You only have to look at who set up the UN IPCC to know this process isn’t about real science, it’s politics corrupted by the alarmist environmental movement all the way back to “Silent Spring”, Erlich and the Club of Rome doomsday cult.
These people have an agenda to slow economic and population growth by any means until we have achieved their Malthusian recommended natural balance between society’s impact on their precious planet, whereby nature is valued more important than humanity and our future.
They believe in a controlled future run by a elite socialist global government, that will regulate us to prevent us from destroying ourselves and the environment. Whereas I believe in humanity’s current scientific and technological progress will achieve population stabilization and sufficient growing GDP and personal wealth to allow nations to cooperate to solve real local and global environmental hazards not manufactured issues like `climate change’ and the so-called energy transition we are unfortunately grappling with now.

Reply to  Curious George
July 9, 2025 11:21 am

I think Prof.
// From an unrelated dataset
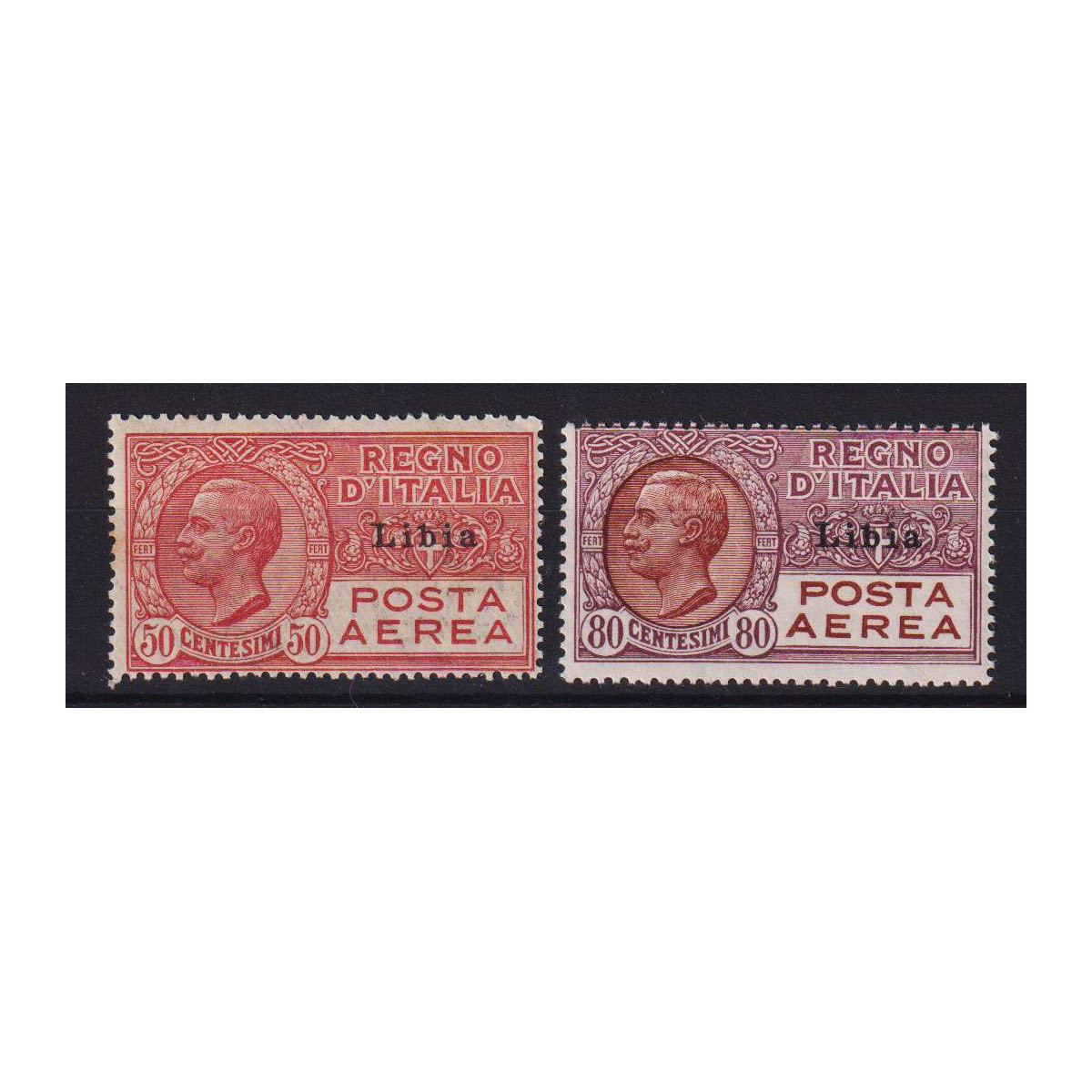 COLONIE LIBIA 1928-29 POSTA AEREA 2 V. N.1-2 G.I MNH**  | Filatelia... COLONIE LIBIA 1928-29 POSTA AEREA 2 V. N.1-2 G.I MNH**  | Filatelia...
Paul Reiter was the first to put an exclamation point on that truism two decades ago to the chagrin to this day of those whose view is nothing more than a belief.

The consensus fallacy is a logical fallacy that asserts a statement is true because it’s accepted by a group. Science is a process (scientific method) in which evidence is the touchstone – often a “minor” problem for consensus believers. In many cases it is even worse as a legitimate poll was never taken so concensus was not even established and often reflects the view of a relatively small group (e.g., Board of a professional society).

Bob
July 8, 2025 6:25 pm

How is the Times still in business?

Walter Sobchak
Reply to  Bob
July 8, 2025 9:19 pm

They publish in a city that is about to elect a jihadi communist as a mayor.

Mr.
Reply to  Bob
July 9, 2025 5:54 am

They pander to the political leanings of their customers.

The NYT publishes the desired pap, but also consider who scribes the pap.

in this case, it’s one Maxine Joselow
https://www.nytimes.com/by/maxine-joselow

In her background statement regarding her journalistic ethics, she declares this –

“I do not participate in politics”

then proceeds to write about nothing other than politics, in her every piece for the NYT (and before that, WAPO and Politico).

Methinks that Maxine should declare “gaslighting” as her main journalistic endeavor.

Sparta Nova 4
Reply to  Mr.
July 9, 2025 7:41 am

Don’t you know that those pursuing advocacy journalism are not participating in politics?
/sarc

Reply to  Mr.
July 9, 2025 8:39 pm

“Give the customers what they want”. Isn’t that a tenet capitalism?

Sparta Nova 4
Reply to  Bob
July 9, 2025 7:40 am

Based on falling readership and subscriptions, it might be that the end is in sight.

Tom Halla
July 8, 2025 6:28 pm

Climastrology is a secular religion, a faith held by people who are unaware of just how dodgy the “science” behind it is.

John Hultquist
July 8, 2025 6:45 pm

Why should we need “hundreds of experts” to assess how warming is affecting the country? The Times does it for no cost to tax paying citizens. 🤠

Sparta Nova 4
Reply to  John Hultquist
July 9, 2025 7:42 am

Valid point.
We can avoid trillions of tax payer dollars wasted and just read the Times.

July 8, 2025 6:56 pm

Even if these three – Koonin, Christy, Spencer – end up with minimal direct roles as “hires” of the DOE – it is wonderful to see the NY Times overheat and blow a gasket.

Reply to  David Dibbell
July 8, 2025 8:44 pm

The poster above has shown that mass air movement of energy is magnitudes more than any possible theoretical energy transfer by atmospheric CO2

CO2 warming is basically a line indistinguishable from the x-axis.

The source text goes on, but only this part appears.